「爆買い観光客」がどれだけ増えても、人口減少に苦しむ地方は救われない

地方はどう変わればいいか?
貞包 英之 プロフィール

「爆買い」のその先へ

もちろん、それで観光産業がすぐに立ち行かなくなるわけではない。現在、アジアで急拡大している中間層が日本の観光にいっそう目を向けていくとすれば、たとえ買い物金額が減ろうと観光業が成長を続ける可能性も考えられるためである。
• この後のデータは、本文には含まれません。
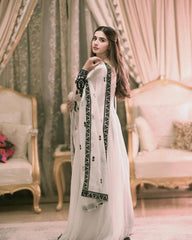 Presenting Embroidery Work White Color Anarkali Gown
そうして買い物を主目的としない観光を増加させるために、現在、官民がさかんに唱えているのが、いわゆる「モノ消費」から「コト消費」への転換である。帰国しても買える商品を訪日客に売るのではなく、温泉でのくつろぎや登山、医療、伝統行事への参加といったサービスや「経験」を売ることが、期待されている。
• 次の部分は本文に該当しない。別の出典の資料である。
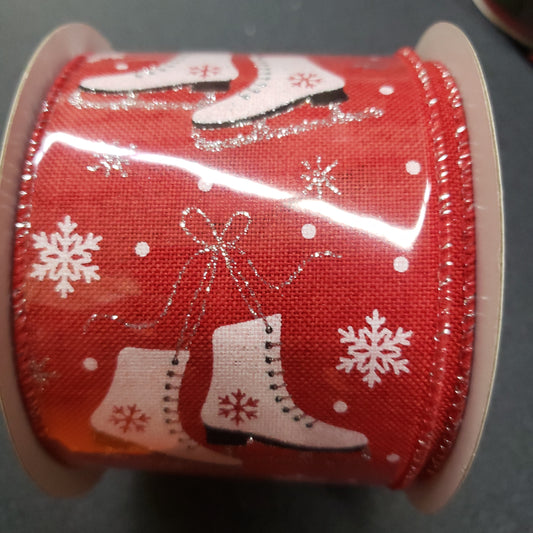 2.5"X10YD winter ICE SKATEs royal burlap ribbon-RGC157424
ただしこうした変化が必要だとしても、それがすんなり実現されるとは考えにくい。とくに地方ではそうである。最大の難問は、地方都市に本当の意味で多数の客を招き寄せ、「モノ」であれ「コト」であれ、より多くの消費を促す魅力が備わっているかということである。

先にみたように、地方都市では「消費社会」の浸透に伴い、たしかに快適な消費の環境が実現されている。だがそれは郊外の住人といった同質性の強い集団を満足させるものに留まり、それをはみだす住民や来訪者の消費を促すものにはなっていない。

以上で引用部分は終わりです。